> _Supplied data_
============================================================

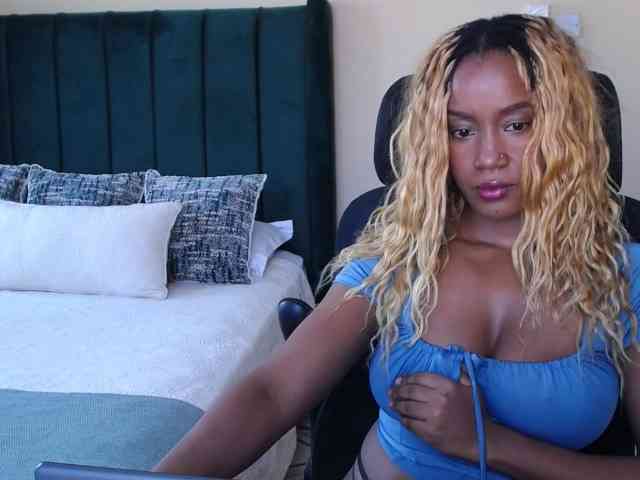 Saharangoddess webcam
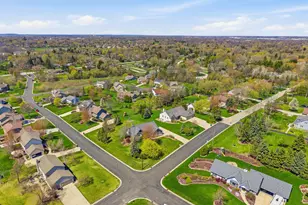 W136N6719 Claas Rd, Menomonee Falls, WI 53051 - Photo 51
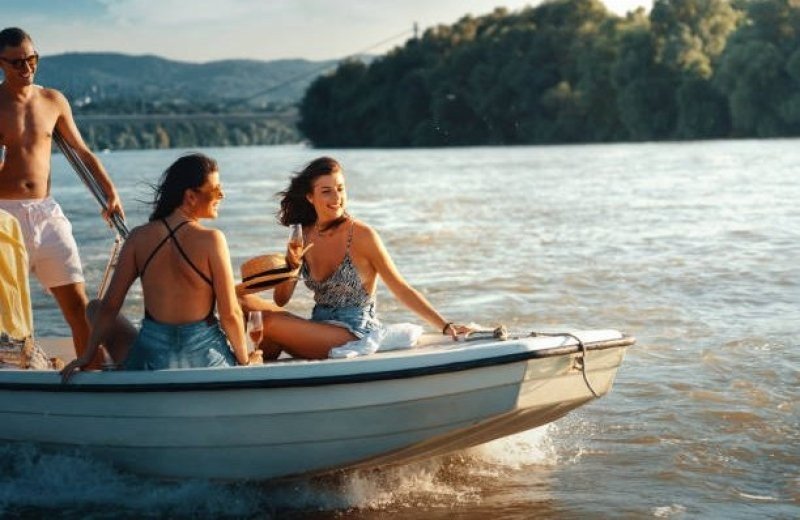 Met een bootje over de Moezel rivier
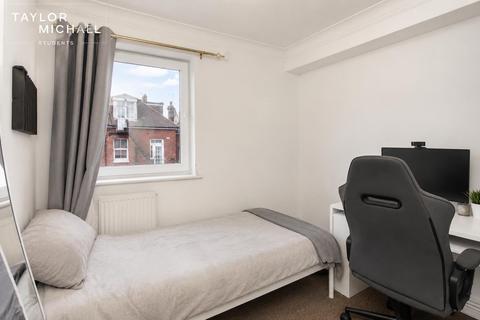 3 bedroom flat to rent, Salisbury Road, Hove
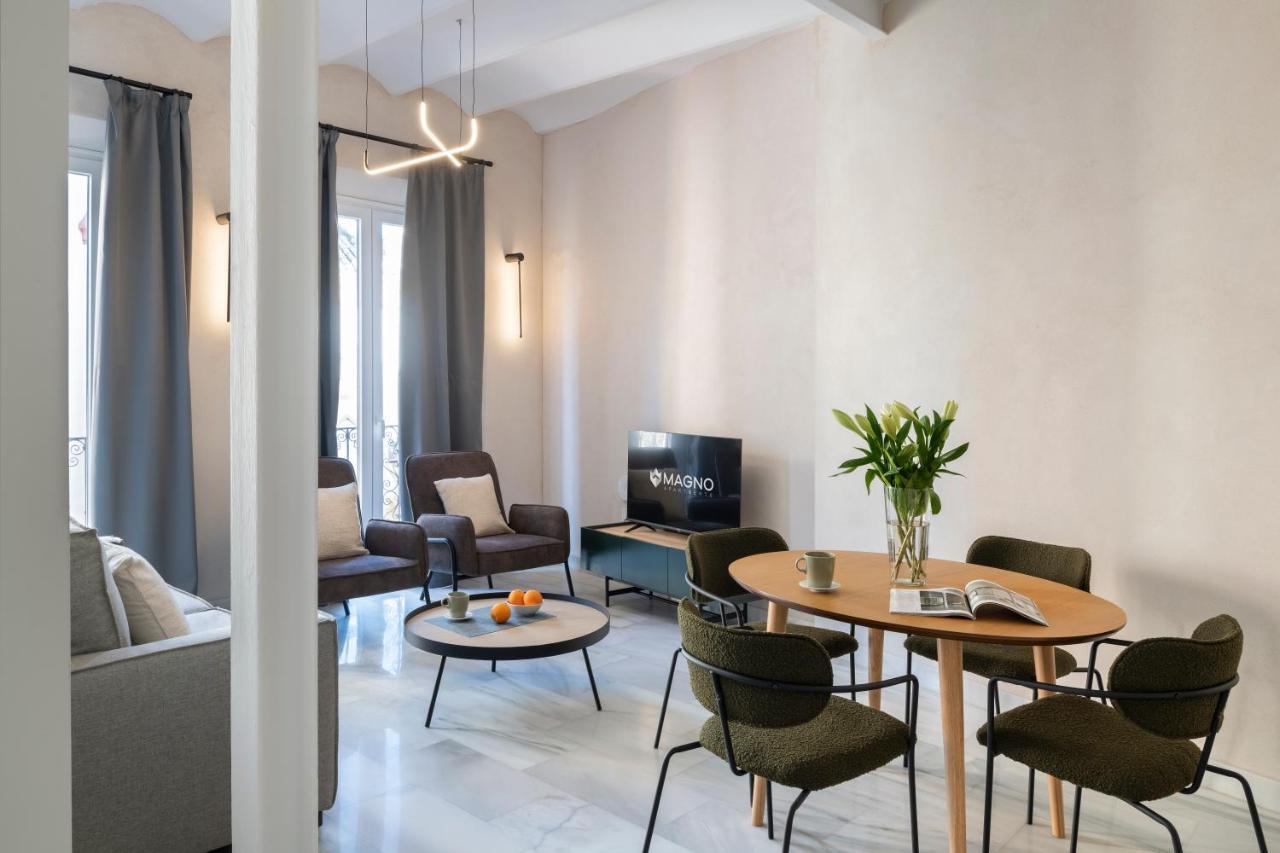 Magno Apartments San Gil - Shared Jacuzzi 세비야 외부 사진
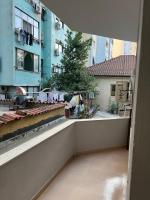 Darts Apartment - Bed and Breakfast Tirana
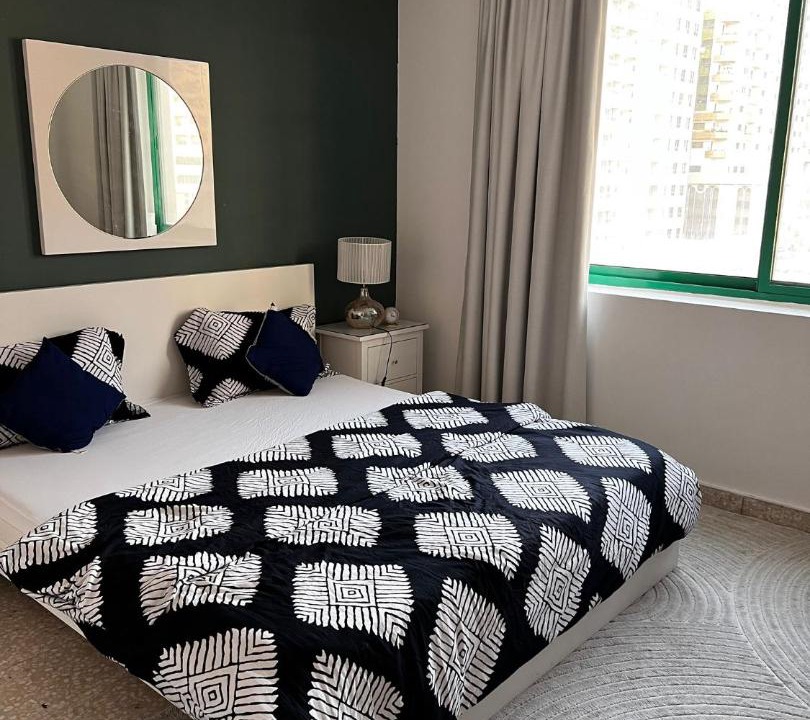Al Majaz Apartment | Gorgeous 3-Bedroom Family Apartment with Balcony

============================================================

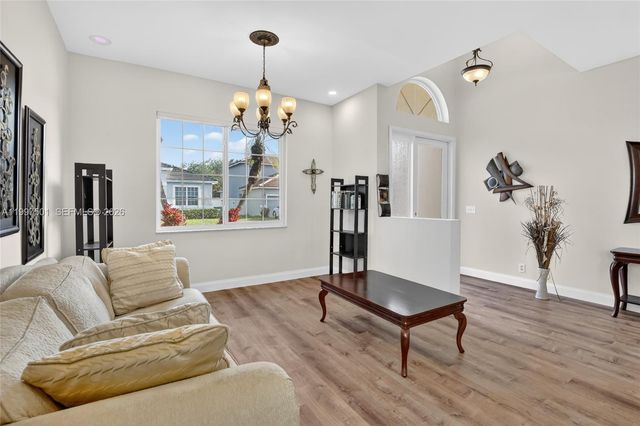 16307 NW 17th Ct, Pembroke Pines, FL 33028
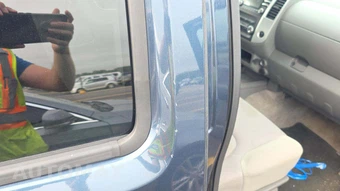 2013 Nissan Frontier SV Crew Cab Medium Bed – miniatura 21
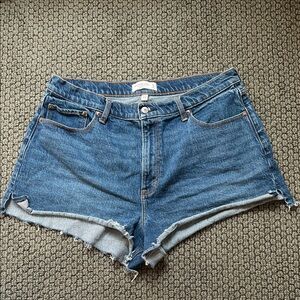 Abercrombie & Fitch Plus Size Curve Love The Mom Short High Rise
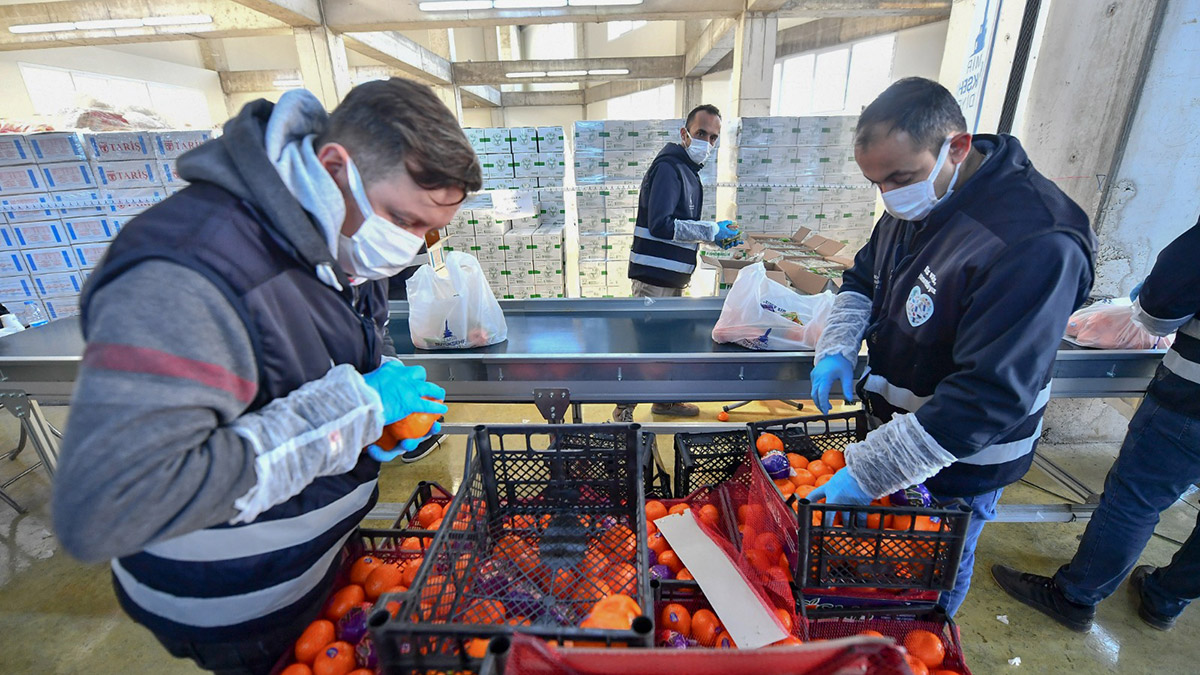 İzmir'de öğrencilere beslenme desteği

============================================================

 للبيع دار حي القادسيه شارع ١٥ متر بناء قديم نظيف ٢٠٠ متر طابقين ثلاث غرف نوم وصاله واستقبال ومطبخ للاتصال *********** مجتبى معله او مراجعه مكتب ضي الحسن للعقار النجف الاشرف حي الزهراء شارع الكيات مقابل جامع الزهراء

============================================================

> _Task to complete_
Using the records above, return verbatim only the part that opens with the line containing "3 bedroom flat to rent, Salisbury Road, Hove" and closes with the line containing "Al Majaz Apartment"; pictures stay out.

> _Solved problem_
 3 bedroom flat to rent, Salisbury Road, Hove
 Magno Apartments San Gil - Shared Jacuzzi 세비야 외부 사진
 Darts Apartment - Bed and Breakfast Tirana
Al Majaz Apartment | Gorgeous 3-Bedroom Family Apartment with Balcony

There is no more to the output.